[Start of section]
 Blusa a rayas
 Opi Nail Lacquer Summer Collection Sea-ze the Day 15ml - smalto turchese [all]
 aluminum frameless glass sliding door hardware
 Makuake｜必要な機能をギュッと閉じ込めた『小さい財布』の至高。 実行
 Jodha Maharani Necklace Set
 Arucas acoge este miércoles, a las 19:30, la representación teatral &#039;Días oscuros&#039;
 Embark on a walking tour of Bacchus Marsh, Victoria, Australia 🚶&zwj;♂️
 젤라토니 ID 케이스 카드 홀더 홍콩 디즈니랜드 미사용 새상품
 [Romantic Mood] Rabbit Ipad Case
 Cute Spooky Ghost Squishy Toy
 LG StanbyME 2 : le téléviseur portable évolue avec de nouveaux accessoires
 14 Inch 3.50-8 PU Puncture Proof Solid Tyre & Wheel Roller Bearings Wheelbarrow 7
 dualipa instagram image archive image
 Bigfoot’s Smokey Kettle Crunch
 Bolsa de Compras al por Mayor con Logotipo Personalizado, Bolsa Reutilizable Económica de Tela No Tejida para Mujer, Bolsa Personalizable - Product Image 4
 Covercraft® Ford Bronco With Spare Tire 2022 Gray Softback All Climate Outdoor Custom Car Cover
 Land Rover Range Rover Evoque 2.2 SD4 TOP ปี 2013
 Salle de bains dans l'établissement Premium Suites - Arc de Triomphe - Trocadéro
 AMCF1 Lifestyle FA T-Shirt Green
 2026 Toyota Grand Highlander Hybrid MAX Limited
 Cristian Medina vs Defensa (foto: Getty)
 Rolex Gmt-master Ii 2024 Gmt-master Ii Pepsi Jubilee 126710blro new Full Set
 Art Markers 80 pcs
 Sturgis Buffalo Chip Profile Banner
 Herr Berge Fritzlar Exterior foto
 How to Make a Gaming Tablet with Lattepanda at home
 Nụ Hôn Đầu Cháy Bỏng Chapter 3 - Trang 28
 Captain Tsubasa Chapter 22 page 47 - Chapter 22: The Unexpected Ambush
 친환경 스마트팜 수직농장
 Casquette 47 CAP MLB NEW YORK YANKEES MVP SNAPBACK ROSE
[End of section]
Copy out every record again, letter for letter.

 Blusa a rayas
 Opi Nail Lacquer Summer Collection Sea-ze the Day 15ml - smalto turchese [all]
 aluminum frameless glass sliding door hardware
 Makuake｜必要な機能をギュッと閉じ込めた『小さい財布』の至高。 実行
 Jodha Maharani Necklace Set
 Arucas acoge este miércoles, a las 19:30, la representación teatral &#039;Días oscuros&#039;
 Embark on a walking tour of Bacchus Marsh, Victoria, Australia 🚶&zwj;♂️
 젤라토니 ID 케이스 카드 홀더 홍콩 디즈니랜드 미사용 새상품
 [Romantic Mood] Rabbit Ipad Case
 Cute Spooky Ghost Squishy Toy
 LG StanbyME 2 : le téléviseur portable évolue avec de nouveaux accessoires
 14 Inch 3.50-8 PU Puncture Proof Solid Tyre & Wheel Roller Bearings Wheelbarrow 7
 dualipa instagram image archive image
 Bigfoot’s Smokey Kettle Crunch
 Bolsa de Compras al por Mayor con Logotipo Personalizado, Bolsa Reutilizable Económica de Tela No Tejida para Mujer, Bolsa Personalizable - Product Image 4
 Covercraft® Ford Bronco With Spare Tire 2022 Gray Softback All Climate Outdoor Custom Car Cover
 Land Rover Range Rover Evoque 2.2 SD4 TOP ปี 2013
 Salle de bains dans l'établissement Premium Suites - Arc de Triomphe - Trocadéro
 AMCF1 Lifestyle FA T-Shirt Green
 2026 Toyota Grand Highlander Hybrid MAX Limited
 Cristian Medina vs Defensa (foto: Getty)
 Rolex Gmt-master Ii 2024 Gmt-master Ii Pepsi Jubilee 126710blro new Full Set
 Art Markers 80 pcs
 Sturgis Buffalo Chip Profile Banner
 Herr Berge Fritzlar Exterior foto
 How to Make a Gaming Tablet with Lattepanda at home
 Nụ Hôn Đầu Cháy Bỏng Chapter 3 - Trang 28
 Captain Tsubasa Chapter 22 page 47 - Chapter 22: The Unexpected Ambush
 친환경 스마트팜 수직농장
 Casquette 47 CAP MLB NEW YORK YANKEES MVP SNAPBACK ROSE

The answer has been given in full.